Data provided:
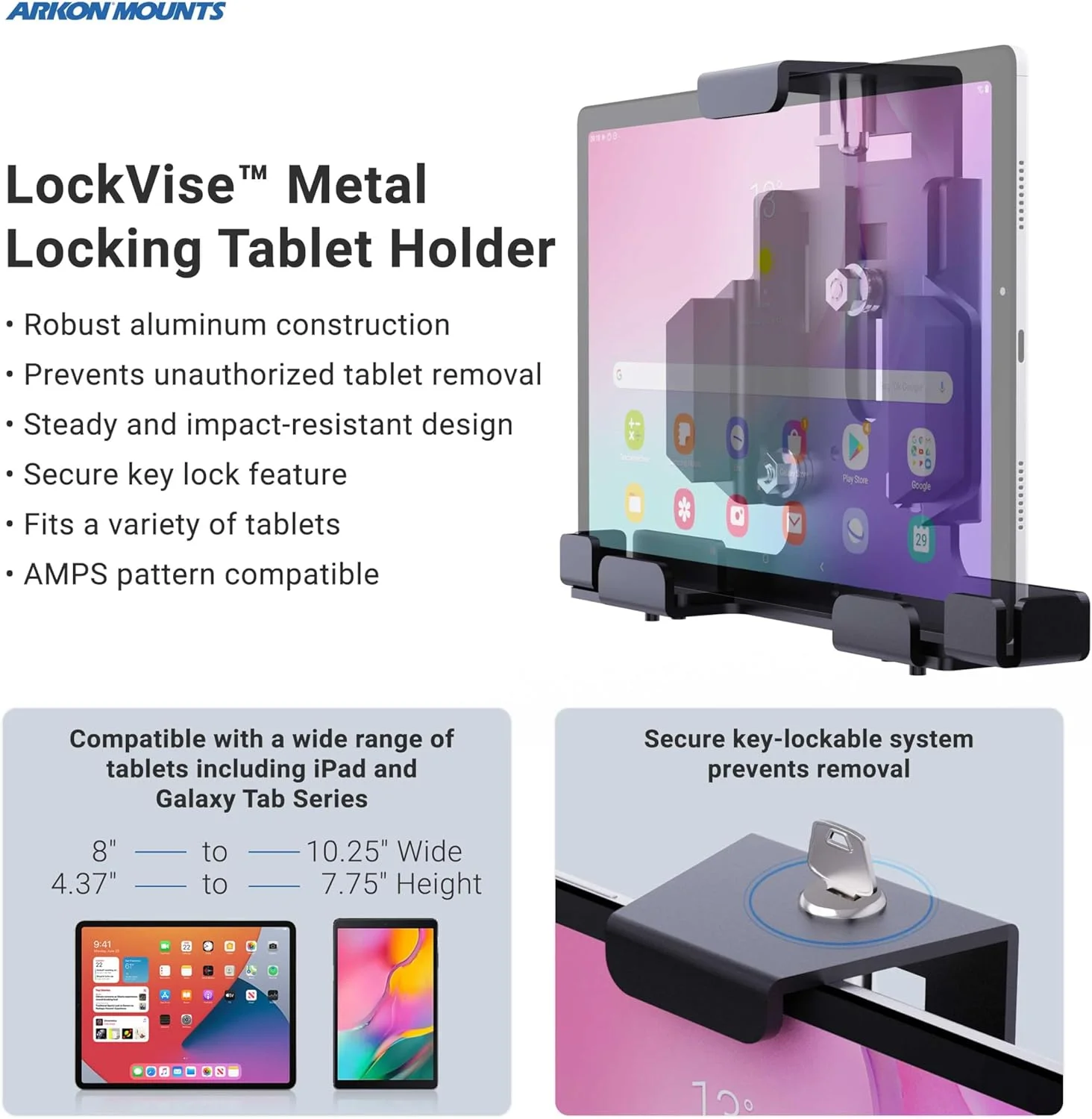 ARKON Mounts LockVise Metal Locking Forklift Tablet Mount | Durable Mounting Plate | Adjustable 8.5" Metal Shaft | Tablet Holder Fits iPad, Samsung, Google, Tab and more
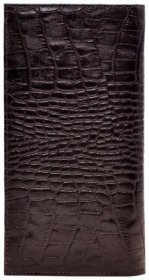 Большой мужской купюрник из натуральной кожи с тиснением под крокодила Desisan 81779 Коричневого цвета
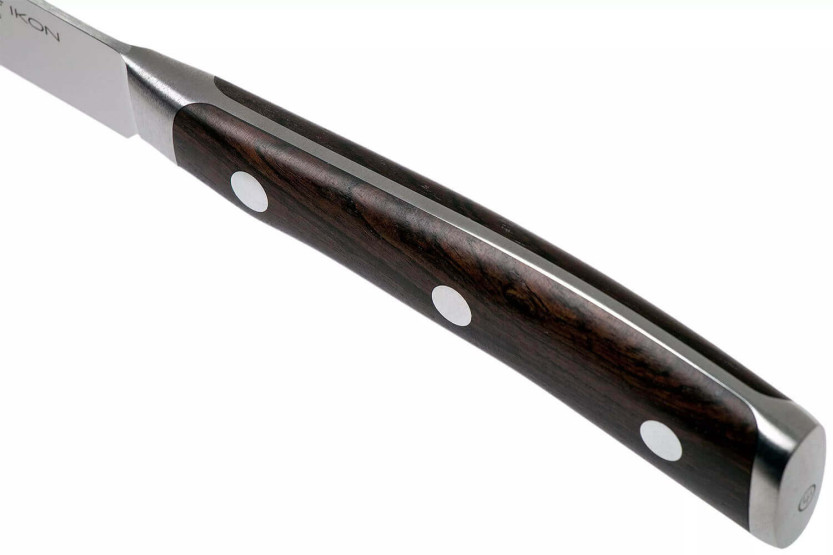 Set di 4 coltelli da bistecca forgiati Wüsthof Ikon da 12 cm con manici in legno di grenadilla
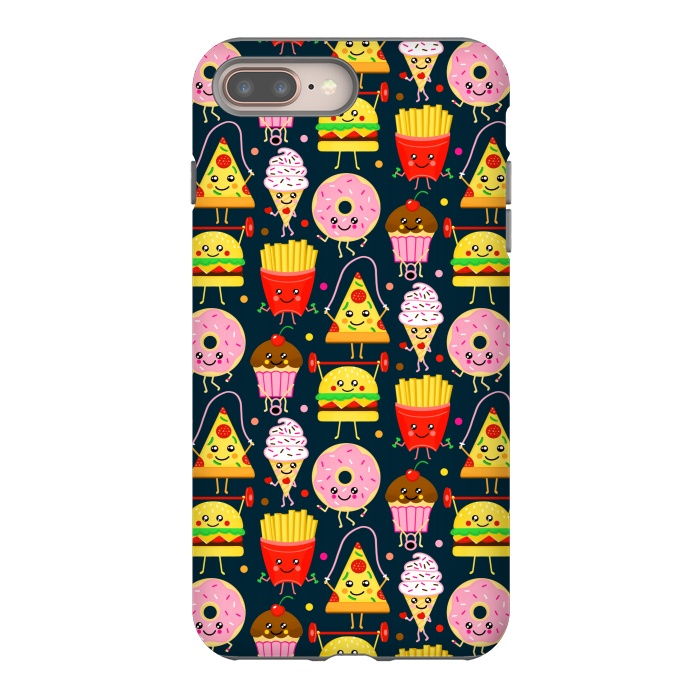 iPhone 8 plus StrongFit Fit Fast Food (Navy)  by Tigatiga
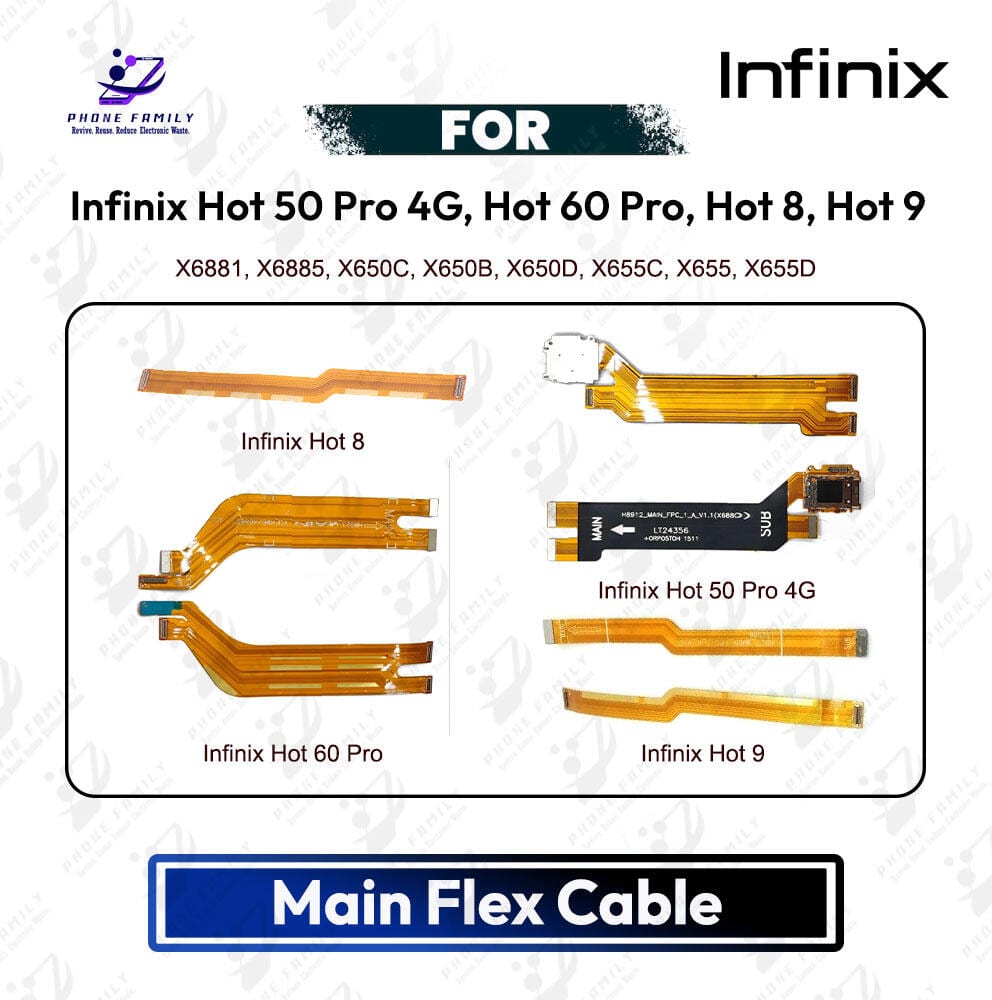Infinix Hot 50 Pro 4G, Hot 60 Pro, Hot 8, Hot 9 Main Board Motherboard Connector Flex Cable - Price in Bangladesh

Problem:
Restate word for word the lines from the one containing "Set di 4 coltelli" through the end of the material above, both included, and nothing besides; drop the pictures.

Output of the task:
 Set di 4 coltelli da bistecca forgiati Wüsthof Ikon da 12 cm con manici in legno di grenadilla
 iPhone 8 plus StrongFit Fit Fast Food (Navy)  by Tigatiga
Infinix Hot 50 Pro 4G, Hot 60 Pro, Hot 8, Hot 9 Main Board Motherboard Connector Flex Cable - Price in Bangladesh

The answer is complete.